When you transcribe the listing that follows, keep every line exact and omit the pictures.

(Beginning of Information supplied)

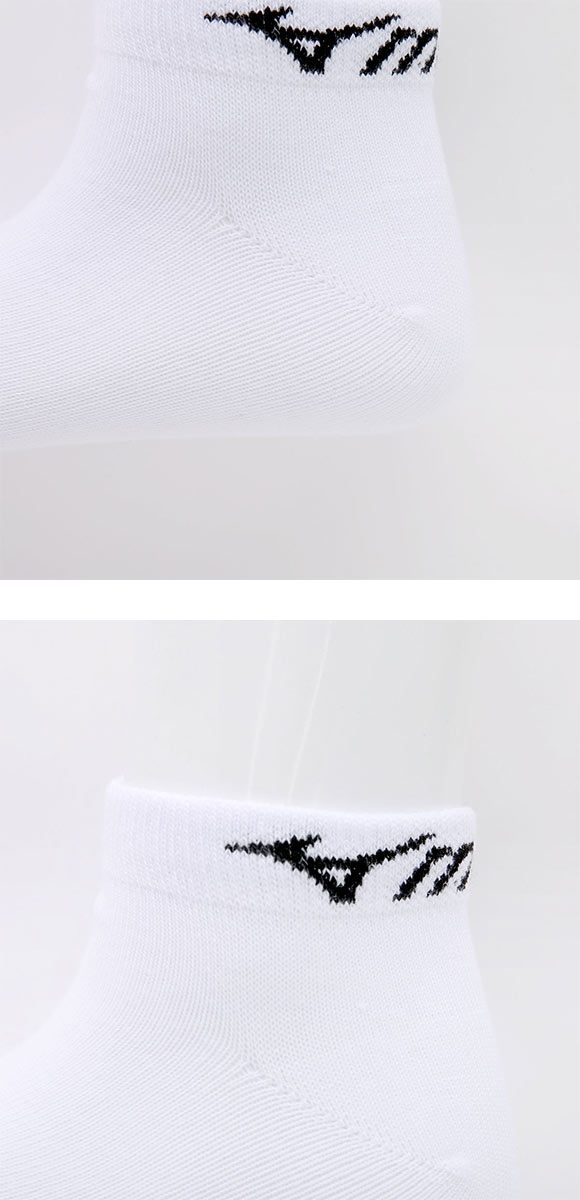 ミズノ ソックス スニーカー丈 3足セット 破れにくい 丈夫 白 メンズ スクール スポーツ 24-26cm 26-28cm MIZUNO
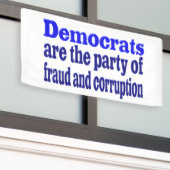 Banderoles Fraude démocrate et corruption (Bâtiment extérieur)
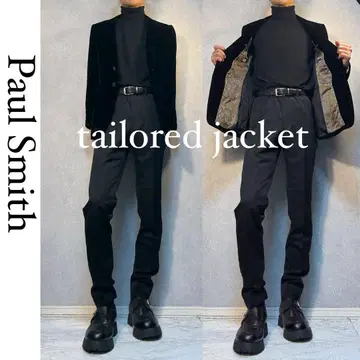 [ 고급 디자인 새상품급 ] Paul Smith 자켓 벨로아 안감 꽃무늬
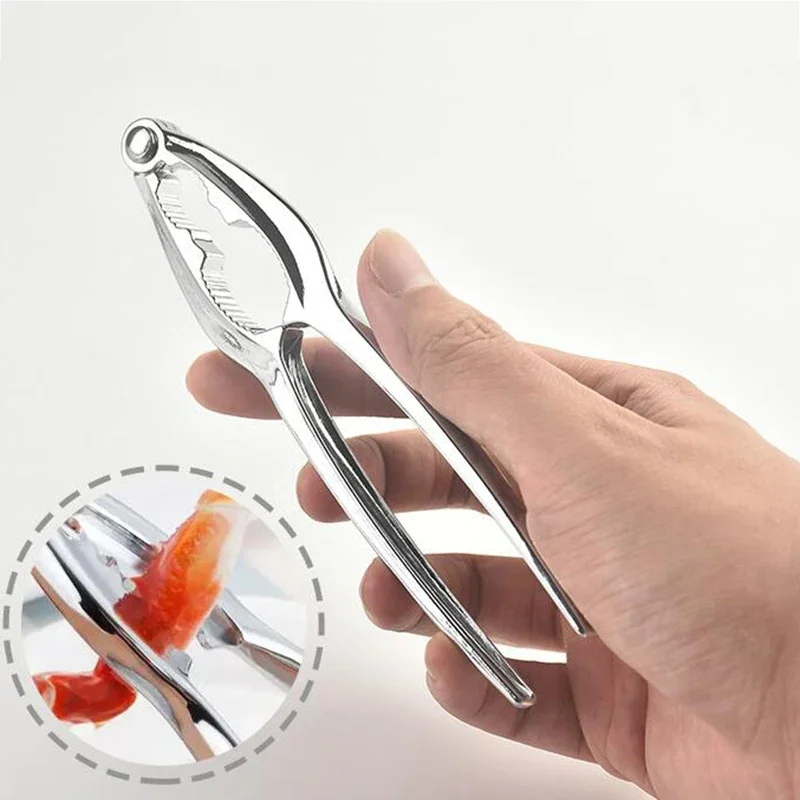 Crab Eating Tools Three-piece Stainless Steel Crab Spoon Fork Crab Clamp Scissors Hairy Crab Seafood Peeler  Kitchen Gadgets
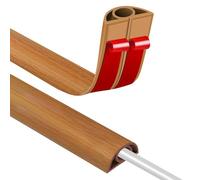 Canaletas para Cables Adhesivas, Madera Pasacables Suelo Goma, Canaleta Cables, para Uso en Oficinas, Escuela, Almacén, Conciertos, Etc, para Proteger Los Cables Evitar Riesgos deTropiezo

(End of Information supplied)

_Answer below_:
 ミズノ ソックス スニーカー丈 3足セット 破れにくい 丈夫 白 メンズ スクール スポーツ 24-26cm 26-28cm MIZUNO
 Banderoles Fraude démocrate et corruption (Bâtiment extérieur)
 [ 고급 디자인 새상품급 ] Paul Smith 자켓 벨로아 안감 꽃무늬
 Crab Eating Tools Three-piece Stainless Steel Crab Spoon Fork Crab Clamp Scissors Hairy Crab Seafood Peeler  Kitchen Gadgets
 Canaletas para Cables Adhesivas, Madera Pasacables Suelo Goma, Canaleta Cables, para Uso en Oficinas, Escuela, Almacén, Conciertos, Etc, para Proteger Los Cables Evitar Riesgos deTropiezo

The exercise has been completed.